Further to this discussion, which would inspire her greatest contribution to gothic literature, her own loss of a prematurely born child in 1815 undoubtedly bore influence too, as Victor brings about an unnatural birth by infusing his own assembled ‘dead’ creation with unnatural life. Shelley’s own childhood may have also contributed to thematic fears and concerns evident in Frankenstein, particularly noted by critics as anxieties about motherhood and the precarious nature of birth, of which she was painfully aware: the untimely death of her own mother, Mary Wollstonecraft, eleven days after Shelley’s own birth was a keenly felt absence.
She wrote and published Frankenstein in 1818 at the age of 20. Victor Frankenstein's experiment brought to life a creature that forced readers to face questions about responsibility, ambition, and the limits of human control. The story didn't rely on distant fantasy; it grew from real experiments, real debates, and real curiosity about how life worked.
The novel's impact quickly spread; a stage adaptation followed within a few years. Of course, film versions later carried the story to wider audiences, with the 1931 production fixing the creature's image in popular culture. The novel became a foundation for science fiction and a lasting warning about the reach of human invention.

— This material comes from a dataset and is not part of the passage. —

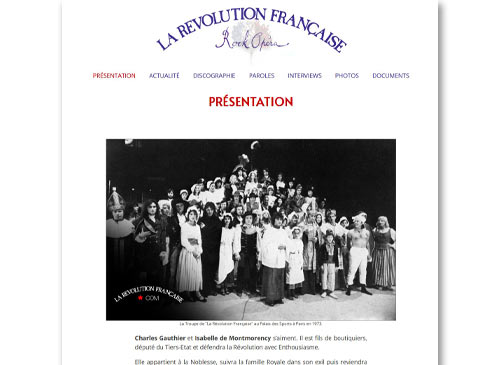 Nouvelle version du site !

And just as Hollywood cherry-picked from Mary Shelley to cement its version of her story, she had borrowed from historical and Biblical stories to create her own message and mythology. The subtitle of the novel, "The Modern Prometheus", recalls the figure of ancient Greek and Latin myth who variously steals fire from the gods and gives it to man, and represents the dangers of overreaching. The novel's other great allusion is to God and Adam, and a quote from Paradise Lost appears in the book's epigraph: "Did I request thee, Maker, from my clay / To mould me man?". It is arguably the creature's humanity – and his tragedy – that in his cinematic transformations into a mute but terrifying monster, has often been forgotten.
Galvani never set out to inspire a novel; he didn't chase fame or legend; he followed a question about how the body worked and recorded what he saw. Yet one twitch of a frog's leg traveled across time and found its way into a writer's imagination.
That single spark turned an experiment into something far greater. It moved from a quiet lab in Bologna to a storm-filled villa in Switzerland, and from there into a story that still lives today.
Ordinary moments regularly pass without notice. Then one arrives that carries a spark strong enough to light something that never fades.